MV Isle of Mull
|Name:||MV Isle of Mull|
|Owner:||Caledonian Maritime Assets Limited|
|Port of registry:||Glasgow|
|Builder:||Ferguson Shipbuilders, Port Glasgow|
|Launched:||8 December 1987|
|Christened:||by Princess Alexandra, The Honourable Lady Ogilvy|
|Maiden voyage:||11 April 1988|
|Length:||90.3 m (84.9 m before 1988)|
|Propulsion:||Mirlees Blackstone: 8MB275T Diesel|
|Speed:||15 knots (28 km/h; 17 mph) (service)|
|Capacity:||962 passenger, 70 cars|
MV Isle of Mull was designed for the route between Oban and Craignure on the Isle of Mull. After being launched on the Clyde in 1987, she entered service on the 11 April 1988, in place of the older and slower MV Caledonia.
However the new vessel was seriously overweight – by more than 100 tons - due to both design and Steel Supply, British Steel had installed a new Computerised Gauge Control at its Dalzell Plate production unit, and during the initial production of steel plate after its introduction it tended to produce plates still within the allowed manufacturing specification, but at or near the upper gauge allowed in the tolerance - resulting in the steel tending to be heavier than designed. In late autumn 1988 she was taken out of service for two weeks and sent to Tees Dockyard Ltd in Middlesbrough to be lengthened by 5.4 m (20 ft). The extent of this implant can most easily be observed when climbing the stairs from the car deck to the passenger accommodation. These stairs used to be a single flight, but now have a level section halfway up. The new length of hull made the vessel better both in terms of vehicle capacity (taking it to around 80) but also in that she handled better at sea with her overall speed increased slightly.
In the late 1990s she underwent internal refurbishment. Her cafeteria was redecorated and the serving area modified – setting the standard for the rest of the fleet. The shop was moved to a more prominent position in the entrance concourse and she received new seating covers etc. The Isle of Mull underwent another major refurbishment in 2005. The cafeteria was redesigned with a new service area layout, including self-service tea and coffee machines and was renamed the Mariners Cafeteria. A coffee bar was installed in the viewing lounge at the after end of the ship opposite the doors leading out to the open deck which overlooks the rope handling area of the ship and is named the Coffee Cabin. The bar has also been renamed The Still.
The totally enclosed car deck has room for up to 70 cars. Headroom on the bow and stern ramps is 4.7 metres. She is equipped with a bow visor, bow ramp and stern ramp. The two-part folding bow ramp is shaped like an inverted ‘L’. When raised, the main section plugs the access to the car deck. The forward section folds out flat upon contact with the linkspan.

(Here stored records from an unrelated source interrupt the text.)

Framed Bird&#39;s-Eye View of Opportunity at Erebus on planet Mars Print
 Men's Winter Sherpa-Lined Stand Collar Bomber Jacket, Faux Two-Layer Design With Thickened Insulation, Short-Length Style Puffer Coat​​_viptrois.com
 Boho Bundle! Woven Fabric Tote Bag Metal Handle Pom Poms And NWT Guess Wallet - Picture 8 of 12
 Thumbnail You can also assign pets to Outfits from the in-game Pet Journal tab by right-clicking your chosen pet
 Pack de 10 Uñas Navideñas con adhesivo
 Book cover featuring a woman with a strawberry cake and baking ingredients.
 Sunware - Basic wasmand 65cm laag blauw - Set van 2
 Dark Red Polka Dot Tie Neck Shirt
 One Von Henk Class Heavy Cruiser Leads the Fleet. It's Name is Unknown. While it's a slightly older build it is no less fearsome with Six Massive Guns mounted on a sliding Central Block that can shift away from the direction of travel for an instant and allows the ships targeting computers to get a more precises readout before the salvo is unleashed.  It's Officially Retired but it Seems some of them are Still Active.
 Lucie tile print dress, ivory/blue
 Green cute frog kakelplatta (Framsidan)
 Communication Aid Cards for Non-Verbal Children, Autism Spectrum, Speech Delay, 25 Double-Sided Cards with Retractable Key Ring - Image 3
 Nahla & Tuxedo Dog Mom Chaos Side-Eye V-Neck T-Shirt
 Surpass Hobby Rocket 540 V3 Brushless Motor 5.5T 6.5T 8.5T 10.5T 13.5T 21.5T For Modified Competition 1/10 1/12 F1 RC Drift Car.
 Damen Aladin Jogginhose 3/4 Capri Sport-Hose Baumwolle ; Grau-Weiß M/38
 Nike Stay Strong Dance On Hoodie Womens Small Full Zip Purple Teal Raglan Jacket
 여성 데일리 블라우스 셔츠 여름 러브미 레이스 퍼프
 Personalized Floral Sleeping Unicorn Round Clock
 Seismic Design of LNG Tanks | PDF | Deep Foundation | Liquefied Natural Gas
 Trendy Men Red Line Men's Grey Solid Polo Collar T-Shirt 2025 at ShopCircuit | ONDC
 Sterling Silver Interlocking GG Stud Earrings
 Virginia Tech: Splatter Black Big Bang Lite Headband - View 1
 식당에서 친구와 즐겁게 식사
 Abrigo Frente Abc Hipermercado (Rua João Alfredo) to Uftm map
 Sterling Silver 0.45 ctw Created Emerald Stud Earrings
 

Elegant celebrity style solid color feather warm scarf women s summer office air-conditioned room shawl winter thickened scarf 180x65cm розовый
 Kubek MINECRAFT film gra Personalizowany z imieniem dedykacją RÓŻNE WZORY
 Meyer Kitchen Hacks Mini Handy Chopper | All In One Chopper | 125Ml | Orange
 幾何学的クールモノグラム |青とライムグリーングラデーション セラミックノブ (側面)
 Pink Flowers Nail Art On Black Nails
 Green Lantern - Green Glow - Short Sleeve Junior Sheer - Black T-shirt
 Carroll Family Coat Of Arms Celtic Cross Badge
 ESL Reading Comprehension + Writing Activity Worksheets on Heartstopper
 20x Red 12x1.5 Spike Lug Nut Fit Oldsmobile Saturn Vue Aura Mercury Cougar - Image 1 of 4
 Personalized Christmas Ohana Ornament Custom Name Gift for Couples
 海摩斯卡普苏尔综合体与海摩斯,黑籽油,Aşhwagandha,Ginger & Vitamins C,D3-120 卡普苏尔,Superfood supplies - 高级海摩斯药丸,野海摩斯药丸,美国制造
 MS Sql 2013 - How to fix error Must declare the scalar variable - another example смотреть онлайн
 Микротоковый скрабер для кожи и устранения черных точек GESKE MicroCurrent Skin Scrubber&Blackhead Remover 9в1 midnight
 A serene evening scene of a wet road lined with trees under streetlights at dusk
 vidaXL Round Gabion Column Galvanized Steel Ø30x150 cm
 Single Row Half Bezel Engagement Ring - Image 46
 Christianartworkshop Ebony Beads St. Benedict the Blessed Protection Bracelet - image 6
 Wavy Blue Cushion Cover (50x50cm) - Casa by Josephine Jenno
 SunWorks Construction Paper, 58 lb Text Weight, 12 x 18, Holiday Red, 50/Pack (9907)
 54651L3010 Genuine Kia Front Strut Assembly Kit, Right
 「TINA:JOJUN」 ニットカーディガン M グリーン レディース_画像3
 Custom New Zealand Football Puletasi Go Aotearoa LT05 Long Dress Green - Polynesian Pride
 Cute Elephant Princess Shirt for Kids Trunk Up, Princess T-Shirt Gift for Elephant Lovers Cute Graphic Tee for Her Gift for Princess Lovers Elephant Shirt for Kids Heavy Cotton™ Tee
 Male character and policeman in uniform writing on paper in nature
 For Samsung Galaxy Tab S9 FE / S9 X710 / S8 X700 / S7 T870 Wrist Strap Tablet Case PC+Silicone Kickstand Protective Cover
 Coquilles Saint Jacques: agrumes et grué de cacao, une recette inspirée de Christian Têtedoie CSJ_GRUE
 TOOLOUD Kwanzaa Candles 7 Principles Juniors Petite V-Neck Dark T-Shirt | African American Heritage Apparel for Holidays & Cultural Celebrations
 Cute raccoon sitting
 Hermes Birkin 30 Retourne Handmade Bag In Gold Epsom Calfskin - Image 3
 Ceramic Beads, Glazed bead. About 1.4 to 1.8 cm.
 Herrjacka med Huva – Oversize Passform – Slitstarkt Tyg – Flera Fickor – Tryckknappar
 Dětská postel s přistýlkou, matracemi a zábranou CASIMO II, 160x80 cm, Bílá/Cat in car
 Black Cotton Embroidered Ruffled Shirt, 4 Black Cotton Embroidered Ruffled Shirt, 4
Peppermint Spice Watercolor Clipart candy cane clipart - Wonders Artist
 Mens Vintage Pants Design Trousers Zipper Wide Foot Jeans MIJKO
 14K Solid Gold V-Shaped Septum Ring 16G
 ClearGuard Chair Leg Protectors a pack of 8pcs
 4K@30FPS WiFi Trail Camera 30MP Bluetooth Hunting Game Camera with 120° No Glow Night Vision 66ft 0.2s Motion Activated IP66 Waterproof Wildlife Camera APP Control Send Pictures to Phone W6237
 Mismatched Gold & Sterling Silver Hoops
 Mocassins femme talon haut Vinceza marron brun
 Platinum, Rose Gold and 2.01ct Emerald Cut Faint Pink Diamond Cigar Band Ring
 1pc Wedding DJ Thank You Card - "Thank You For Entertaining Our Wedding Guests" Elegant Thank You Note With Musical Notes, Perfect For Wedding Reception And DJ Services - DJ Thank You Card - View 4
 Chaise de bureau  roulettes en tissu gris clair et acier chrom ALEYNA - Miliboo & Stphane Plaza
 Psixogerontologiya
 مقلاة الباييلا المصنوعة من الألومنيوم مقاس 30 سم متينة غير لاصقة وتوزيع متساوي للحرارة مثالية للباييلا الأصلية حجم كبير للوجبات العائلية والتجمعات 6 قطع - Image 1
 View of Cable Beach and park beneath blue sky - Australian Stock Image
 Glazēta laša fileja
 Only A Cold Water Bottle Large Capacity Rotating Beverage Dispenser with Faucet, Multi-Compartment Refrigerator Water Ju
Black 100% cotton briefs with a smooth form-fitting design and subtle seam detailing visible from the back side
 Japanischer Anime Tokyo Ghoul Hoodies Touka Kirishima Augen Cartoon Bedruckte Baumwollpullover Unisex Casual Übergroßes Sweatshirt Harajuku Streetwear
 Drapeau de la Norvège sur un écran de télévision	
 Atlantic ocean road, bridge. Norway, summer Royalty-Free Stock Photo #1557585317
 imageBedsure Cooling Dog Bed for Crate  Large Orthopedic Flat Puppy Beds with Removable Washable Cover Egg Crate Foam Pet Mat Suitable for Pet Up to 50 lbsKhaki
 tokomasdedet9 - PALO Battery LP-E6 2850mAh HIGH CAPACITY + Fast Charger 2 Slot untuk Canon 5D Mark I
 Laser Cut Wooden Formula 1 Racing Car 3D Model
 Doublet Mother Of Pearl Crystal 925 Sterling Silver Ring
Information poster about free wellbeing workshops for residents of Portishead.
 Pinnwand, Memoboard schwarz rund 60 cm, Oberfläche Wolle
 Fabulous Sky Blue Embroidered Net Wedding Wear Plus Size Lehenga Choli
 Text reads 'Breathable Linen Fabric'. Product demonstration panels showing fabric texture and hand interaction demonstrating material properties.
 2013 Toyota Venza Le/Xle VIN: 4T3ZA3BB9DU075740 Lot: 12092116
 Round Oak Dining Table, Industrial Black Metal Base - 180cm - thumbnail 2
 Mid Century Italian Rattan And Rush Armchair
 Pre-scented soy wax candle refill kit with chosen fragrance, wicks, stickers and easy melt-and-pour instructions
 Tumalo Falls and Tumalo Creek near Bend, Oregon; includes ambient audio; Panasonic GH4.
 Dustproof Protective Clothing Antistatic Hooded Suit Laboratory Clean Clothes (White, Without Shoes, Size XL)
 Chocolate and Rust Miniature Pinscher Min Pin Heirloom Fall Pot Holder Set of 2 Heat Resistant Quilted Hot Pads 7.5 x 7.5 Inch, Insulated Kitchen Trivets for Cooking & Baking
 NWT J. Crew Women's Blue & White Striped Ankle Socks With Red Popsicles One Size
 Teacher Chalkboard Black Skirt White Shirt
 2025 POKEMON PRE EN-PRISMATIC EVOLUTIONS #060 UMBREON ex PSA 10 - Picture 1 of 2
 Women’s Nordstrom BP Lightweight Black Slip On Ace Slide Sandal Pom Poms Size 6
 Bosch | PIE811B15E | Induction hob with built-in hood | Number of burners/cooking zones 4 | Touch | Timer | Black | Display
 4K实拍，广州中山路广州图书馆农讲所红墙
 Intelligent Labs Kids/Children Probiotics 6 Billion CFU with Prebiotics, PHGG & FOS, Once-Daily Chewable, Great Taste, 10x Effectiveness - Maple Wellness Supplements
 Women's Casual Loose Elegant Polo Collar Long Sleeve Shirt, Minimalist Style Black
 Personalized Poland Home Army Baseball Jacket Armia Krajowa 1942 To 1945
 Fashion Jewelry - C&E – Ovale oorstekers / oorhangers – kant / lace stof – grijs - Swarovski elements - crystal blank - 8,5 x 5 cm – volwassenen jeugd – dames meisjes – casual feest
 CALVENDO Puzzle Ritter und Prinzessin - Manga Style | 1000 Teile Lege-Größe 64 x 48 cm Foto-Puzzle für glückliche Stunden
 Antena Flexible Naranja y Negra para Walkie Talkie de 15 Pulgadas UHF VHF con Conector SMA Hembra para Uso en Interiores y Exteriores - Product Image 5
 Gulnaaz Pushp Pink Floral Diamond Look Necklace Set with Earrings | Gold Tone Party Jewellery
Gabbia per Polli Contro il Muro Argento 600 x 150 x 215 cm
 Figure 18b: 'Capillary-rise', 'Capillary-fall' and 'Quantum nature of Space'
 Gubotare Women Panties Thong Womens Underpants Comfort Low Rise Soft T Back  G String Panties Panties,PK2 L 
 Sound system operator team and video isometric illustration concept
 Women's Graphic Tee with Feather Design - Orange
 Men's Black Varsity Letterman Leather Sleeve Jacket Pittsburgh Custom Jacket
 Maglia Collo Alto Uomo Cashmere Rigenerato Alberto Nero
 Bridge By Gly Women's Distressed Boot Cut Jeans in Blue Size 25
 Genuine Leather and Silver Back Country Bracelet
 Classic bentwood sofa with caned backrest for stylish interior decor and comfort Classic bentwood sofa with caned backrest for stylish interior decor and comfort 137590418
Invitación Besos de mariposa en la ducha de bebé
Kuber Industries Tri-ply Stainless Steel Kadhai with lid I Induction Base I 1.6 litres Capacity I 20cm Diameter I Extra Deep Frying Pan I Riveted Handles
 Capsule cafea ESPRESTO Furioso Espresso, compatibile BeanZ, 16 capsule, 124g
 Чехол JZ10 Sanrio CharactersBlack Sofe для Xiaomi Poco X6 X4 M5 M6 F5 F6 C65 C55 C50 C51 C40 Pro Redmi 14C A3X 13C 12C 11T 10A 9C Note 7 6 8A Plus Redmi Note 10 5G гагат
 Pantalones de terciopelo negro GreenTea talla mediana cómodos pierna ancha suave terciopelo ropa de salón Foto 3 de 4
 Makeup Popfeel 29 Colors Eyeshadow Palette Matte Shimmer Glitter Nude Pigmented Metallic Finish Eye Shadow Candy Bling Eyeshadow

Above the car deck are two levels of accommodation, providing shelter and facilities for up to 1000 passengers. The first deck houses the cafeteria at the bow, with the main entrance concourse and shop immediately aft. Behind this are lounges, toilets and the information desk, with the bar at the stern. The next deck has an observation lounge at the stern and crew accommodation further forward. External deck space stretches from the lounge to just short of the bridge on both sides. An observation lounge on the top deck has seating aft of the funnel. The large amount of open deck space is one factor that makes the Isle of Mull popular with tourists.
MV Isle of Mull has operated the crossing between Oban and Craignure on the Isle of Mull since 1988. She completes the sailing in 45 minutes on a good day, although the short turnaround and poor manoeuvrability in even light winds lead to frequent delays and increasing cancellations. There is some flexibility with additional sailings provided by MV Coruisk. Isle of Mull also provides the winter link between the mainland and the island of Colonsay and has provided winter relief on a various routes, such as between Ullapool and Stornoway from 1989 to 1998, covering for overhauls of MV Suilven & MV Isle of Lewis and between Ardrossan and Brodick in 2007. In October 1989, her larger passenger capacity was required at Stornoway for those travelling to the Mod. This meant she basically swapped places with the Suilven, which took over the Oban-Craignure service for 10 days.